# DATA SHOWN
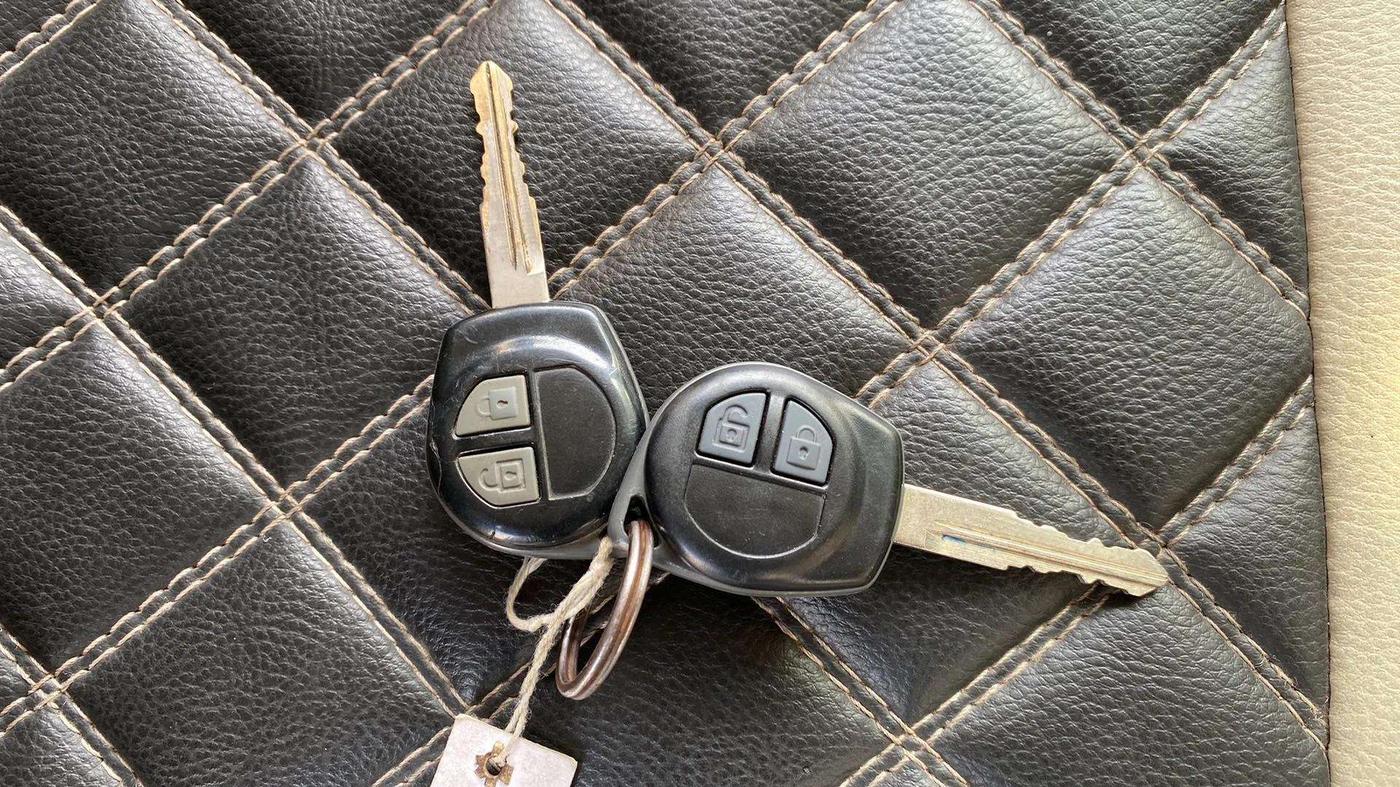 2012 Maruti Wagon R 1.0 VXI, Petrol, Manual, 33,834 km, Key Close Up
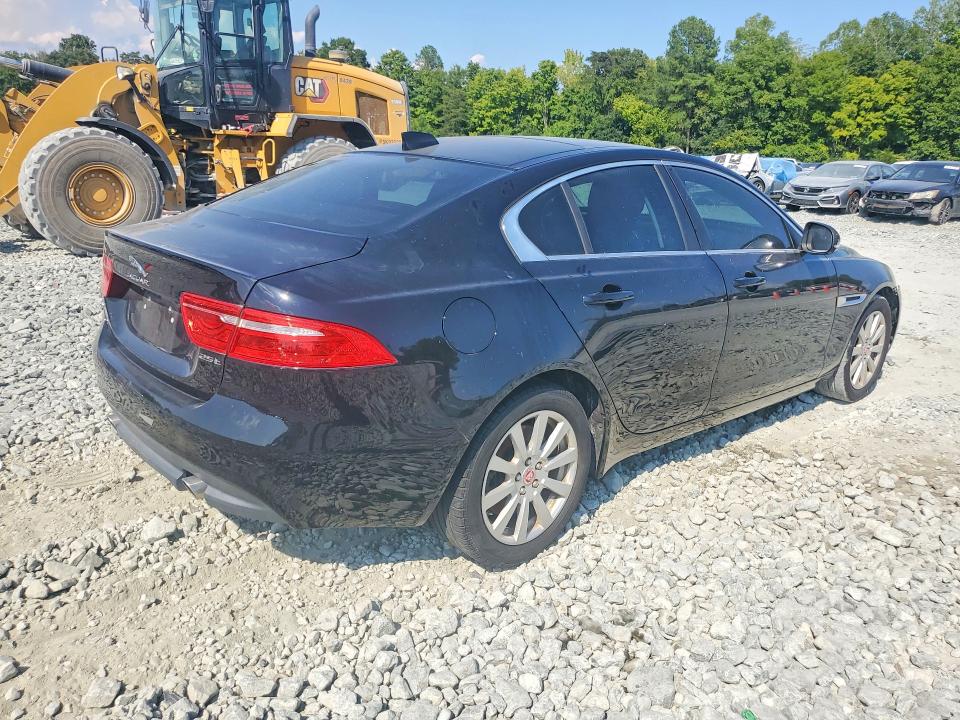 Photo 3 from auction – 2019 JAGUAR XE with VIN SAJAR4FX2KCP43963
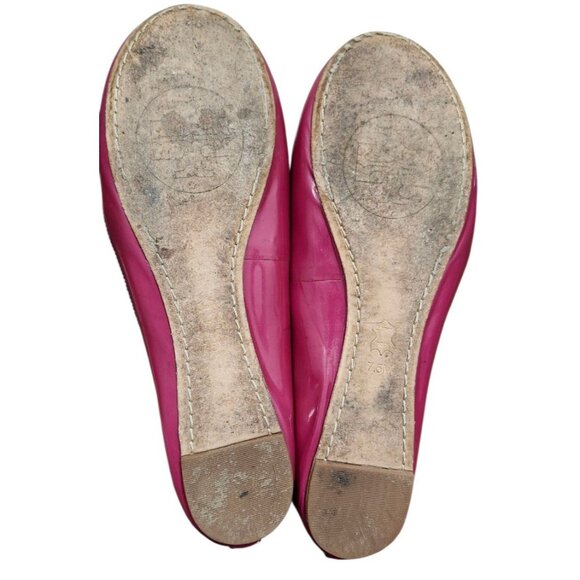 Tory Burch Pink Patent Leather Ballet Flats Gold Logo Charm Size 7.5 - Picture 6 of 8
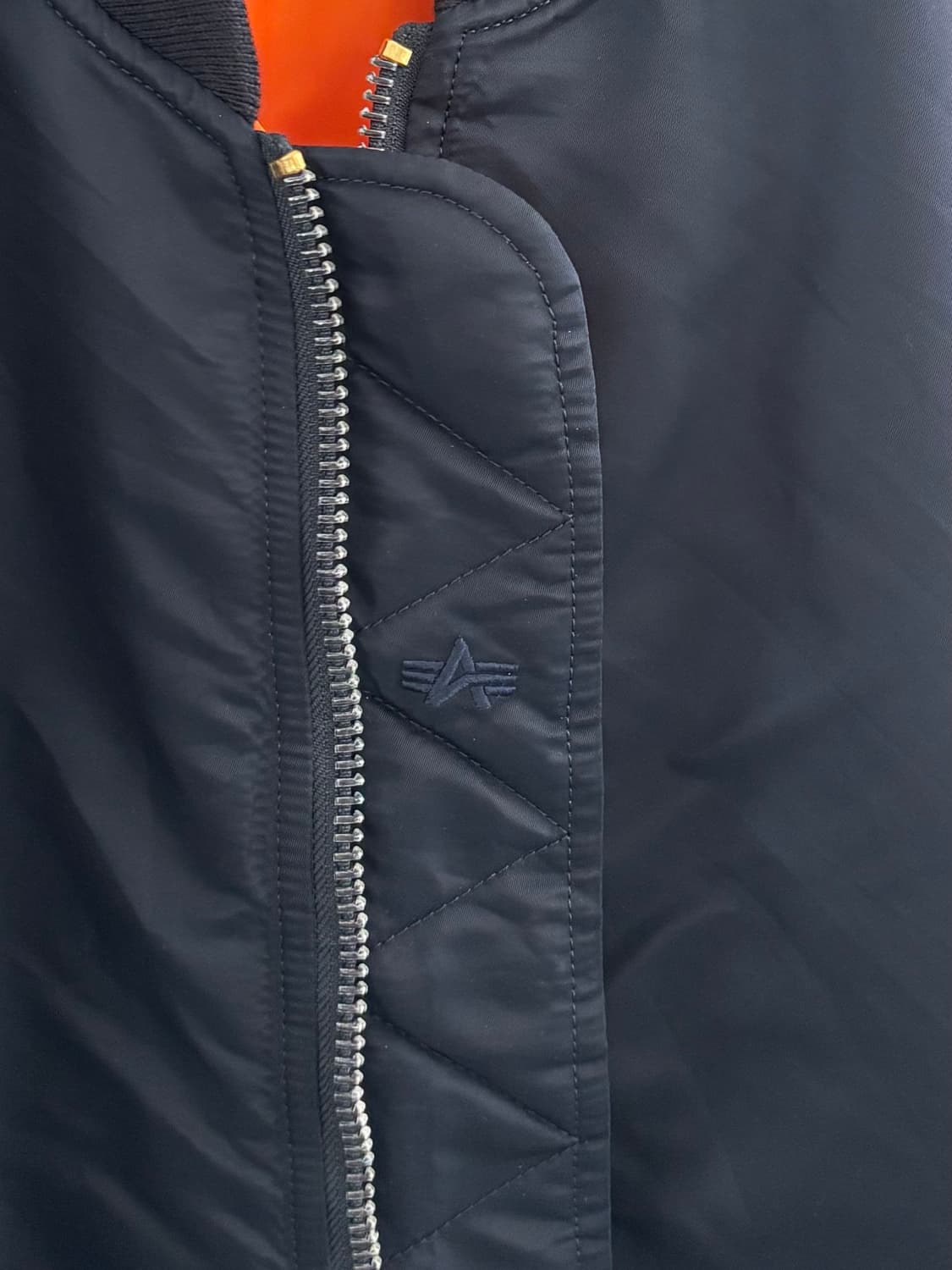 (새상품) ALPHA INDUSTRIES 알파 인더스트리 MA-1 플라이 상품이미지7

# YOUR GOAL
Where the line containing "Photo 3 from" appears, begin writing out the lines word for word, and continue through the last line of the data, leaving out pictures.

# TASK ANSWER
 Photo 3 from auction – 2019 JAGUAR XE with VIN SAJAR4FX2KCP43963
 Tory Burch Pink Patent Leather Ballet Flats Gold Logo Charm Size 7.5 - Picture 6 of 8
 (새상품) ALPHA INDUSTRIES 알파 인더스트리 MA-1 플라이 상품이미지7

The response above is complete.